Drei Dimensionen hat Nachhaltigkeit nach offizieller Definition. „Eine ökonomische, eine ökologische und eine soziale“, zählt Anna Ehlert, Referentin für Nachhaltigkeits- und Umweltmanagement auf. „Auf Zollverein erweitern wir das Konzept vor dem Hintergrund des Welterbestatus noch um eine kulturelle Dimension.“ In einem Nachhaltigkeitskonzept werden derzeit Ausgangslage und Ziele definiert, um die Grundsätze in allen Abteilungen und Prozessen zu verankern und voranzutreiben.
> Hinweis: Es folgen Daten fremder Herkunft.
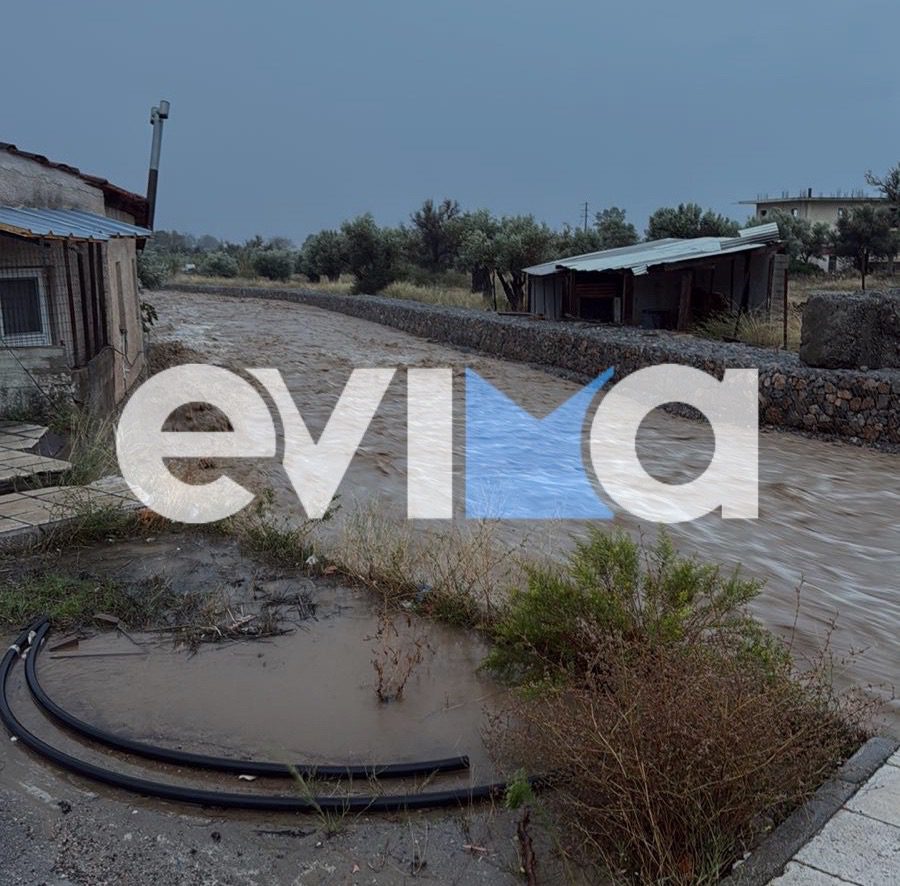 Κατέρρευσε γέφυρα από την κακοκαιρία στην Εύβοια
Saubere Energie Marke Zollverein
Zum Beispiel durch eine Machbarkeitsstudie, in der untersucht wird, wie das Welterbe bis 2030 klimaneutral werden kann. „Ein ambitioniertes Ziel, wenn man bedenkt, dass es um ein Areal mit zahlreichen nicht gedämmten Bestandsgebäuden geht“, erklärt Anna Ehlert. „Aber der Standort birgt aufgrund seiner Vergangenheit auch Chancen. Geothermie durch Grubenwärme etwa.“ Womöglich könnten sogar umliegende Quartiere mit sauberer Energie Marke Zollverein versorgt werden. Vorbildlich ist heute schon die Artenvielfalt der Flora und Fauna auf dem Welterbe. „Wir haben eine erstaunliche Industrienatur vorzuweisen“, berichtet Anna Ehlert. Wo einst Schornsteine rauchten, nisten jetzt Vogelarten, wo Kohle über das Gelände transportiert wurde, wachsen zahlreiche Pflanzen – eindrucksvoll nachvollziehbar bei Naturführungen zu wechselnden Themen.
Zollverein für alle
Zur Nachhaltigkeit gehören auch Projekte der Partizipation, der Bildungsarbeit, der Chancengleichheit. Und die Quartiersarbeit. „Zollverein ist für die Menschen der umliegenden Stadtteile fast wie ein zweites Wohnzimmer“, sagt Silke Ladnar-Duckwitz, Referentin für Produktentwicklung und Innovation. „Sie nutzen Eisbahn und Werksschwimmbad, joggen auf der Ringpromenade, gehen aufs Zechenfest oder finden beim Parkourtraining spielerisch den Zugang zum Welterbe.“ Das interkulturelle Erzählcafé, der türkische Kochkurs, die Kunstkaue und mehrsprachige Führungen fördern zudem kulturelle Vielfalt an einem Ort, der nicht zuletzt aufgrund des Bergbaus immer schon international aufgestellt war.
„Zollverein ist ein Ort für alle“, betont Silke Ladnar-Duckwitz. Inklusion ist ein großes Thema auf dem Welterbe. Aktuell wird am Aktionsplan Inklusion 2030 gearbeitet. Maßnahmen in Sachen Barrierefreiheit gibt es hier zwar schon lange. Nun treibt die Stiftung das Thema aber allumfassend und, wo möglich, über die gesetzlichen Vorgaben hinaus voran. Beispielsweise wird ein Teil des Denkmalpfades barrierefrei zugänglich gemacht und in der vergangenen Eisbahn-Saison wurde eigens eine Rampe gebaut, damit Personen im Rollstuhl zusammen mit Familie, Freundinnen und Freunden auf das Eis konnten.
„Für einen Industriestandort, der für gesunde und starke Menschen geschaffen wurde, ist Barrierefreiheit eine echte Herausforderung“, weiß Silke Ladnar-Duckwitz. „Wenn wir sie aber in allen Projekten mitdenken, sind wir auf dem richtigen Weg. Zudem holen wir uns als Beraterinnen und Berater Personen mit Behinderungen ins Boot.“ Wie Ralf Bockstedte. Der Vorsitzende des Inklusionsbeirates der Stadt Essen sitzt selbst im Rollstuhl und gibt der Stiftung viele wichtige Impulse.
Impulse für gesellschaftlichen Wandel
Nachhaltigkeit in all ihren Dimensionen auf dem Welterbe zu verankern, ist mehr als komplex. Auf dem weitläufigen Zollverein-Areal findet sich eine Vielzahl an Bestandsgebäuden mit unterschiedlichsten Voraussetzungen. Die eine universelle Lösung für Herausforderungen wie Klimaschutz und Barrierefreiheit gibt es nicht. „Deshalb probieren wir viel aus“, sagt Anna Ehlert. Und so werden die hier entwickelten Konzepte und Maßnahmen zur Blaupause, nicht nur für andere industriekulturelle Standorte. Ausgerechnet die einst größte Zeche der Welt ist heute Reallabor für Nachhaltigkeit und treibt damit den gesellschaftlichen Wandel voran.